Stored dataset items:
■ ■ ■ ■ ■ ■ ■

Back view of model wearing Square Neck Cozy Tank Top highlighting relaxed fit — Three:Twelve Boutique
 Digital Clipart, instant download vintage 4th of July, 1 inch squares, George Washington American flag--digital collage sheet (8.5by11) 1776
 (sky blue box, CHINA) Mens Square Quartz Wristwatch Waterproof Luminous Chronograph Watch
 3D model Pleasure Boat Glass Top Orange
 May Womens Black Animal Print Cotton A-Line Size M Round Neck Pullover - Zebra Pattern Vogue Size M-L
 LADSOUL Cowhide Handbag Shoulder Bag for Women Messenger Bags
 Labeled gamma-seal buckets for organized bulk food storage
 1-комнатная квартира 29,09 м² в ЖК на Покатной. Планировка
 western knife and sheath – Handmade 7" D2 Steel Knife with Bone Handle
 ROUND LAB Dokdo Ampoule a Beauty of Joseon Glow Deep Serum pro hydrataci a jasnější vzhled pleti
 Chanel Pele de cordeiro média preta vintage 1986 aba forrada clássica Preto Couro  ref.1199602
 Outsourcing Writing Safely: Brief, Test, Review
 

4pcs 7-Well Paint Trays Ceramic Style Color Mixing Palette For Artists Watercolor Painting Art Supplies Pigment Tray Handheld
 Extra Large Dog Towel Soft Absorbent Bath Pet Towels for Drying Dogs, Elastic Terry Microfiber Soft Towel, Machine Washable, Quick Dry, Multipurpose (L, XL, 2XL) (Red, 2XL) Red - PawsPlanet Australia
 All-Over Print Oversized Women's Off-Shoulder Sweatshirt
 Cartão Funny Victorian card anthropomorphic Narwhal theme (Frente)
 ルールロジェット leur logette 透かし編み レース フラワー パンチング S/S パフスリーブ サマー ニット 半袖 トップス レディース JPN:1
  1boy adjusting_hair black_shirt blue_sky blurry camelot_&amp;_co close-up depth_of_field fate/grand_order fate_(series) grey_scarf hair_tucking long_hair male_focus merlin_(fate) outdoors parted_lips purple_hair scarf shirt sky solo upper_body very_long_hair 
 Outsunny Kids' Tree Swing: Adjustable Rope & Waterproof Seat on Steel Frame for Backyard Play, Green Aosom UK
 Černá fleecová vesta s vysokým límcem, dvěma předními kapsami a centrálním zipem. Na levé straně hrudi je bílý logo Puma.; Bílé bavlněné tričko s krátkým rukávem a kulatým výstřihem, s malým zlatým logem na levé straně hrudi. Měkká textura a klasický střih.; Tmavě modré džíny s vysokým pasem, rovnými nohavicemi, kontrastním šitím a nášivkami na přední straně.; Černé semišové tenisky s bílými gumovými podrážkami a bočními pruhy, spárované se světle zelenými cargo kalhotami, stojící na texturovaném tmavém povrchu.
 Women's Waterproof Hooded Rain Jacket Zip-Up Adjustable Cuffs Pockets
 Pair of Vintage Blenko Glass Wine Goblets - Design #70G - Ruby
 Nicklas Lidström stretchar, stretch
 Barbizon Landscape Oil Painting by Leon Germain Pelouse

■ ■ ■ ■ ■ ■ ■

### What is required
Give again, exactly as written, the lines running from the first line of the data above through the line that contains "4pcs 7-Well Paint".

### Result for this task
Back view of model wearing Square Neck Cozy Tank Top highlighting relaxed fit — Three:Twelve Boutique
 Digital Clipart, instant download vintage 4th of July, 1 inch squares, George Washington American flag--digital collage sheet (8.5by11) 1776
 (sky blue box, CHINA) Mens Square Quartz Wristwatch Waterproof Luminous Chronograph Watch
 3D model Pleasure Boat Glass Top Orange
 May Womens Black Animal Print Cotton A-Line Size M Round Neck Pullover - Zebra Pattern Vogue Size M-L
 LADSOUL Cowhide Handbag Shoulder Bag for Women Messenger Bags
 Labeled gamma-seal buckets for organized bulk food storage
 1-комнатная квартира 29,09 м² в ЖК на Покатной. Планировка
 western knife and sheath – Handmade 7" D2 Steel Knife with Bone Handle
 ROUND LAB Dokdo Ampoule a Beauty of Joseon Glow Deep Serum pro hydrataci a jasnější vzhled pleti
 Chanel Pele de cordeiro média preta vintage 1986 aba forrada clássica Preto Couro  ref.1199602
 Outsourcing Writing Safely: Brief, Test, Review
 

4pcs 7-Well Paint Trays Ceramic Style Color Mixing Palette For Artists Watercolor Painting Art Supplies Pigment Tray Handheld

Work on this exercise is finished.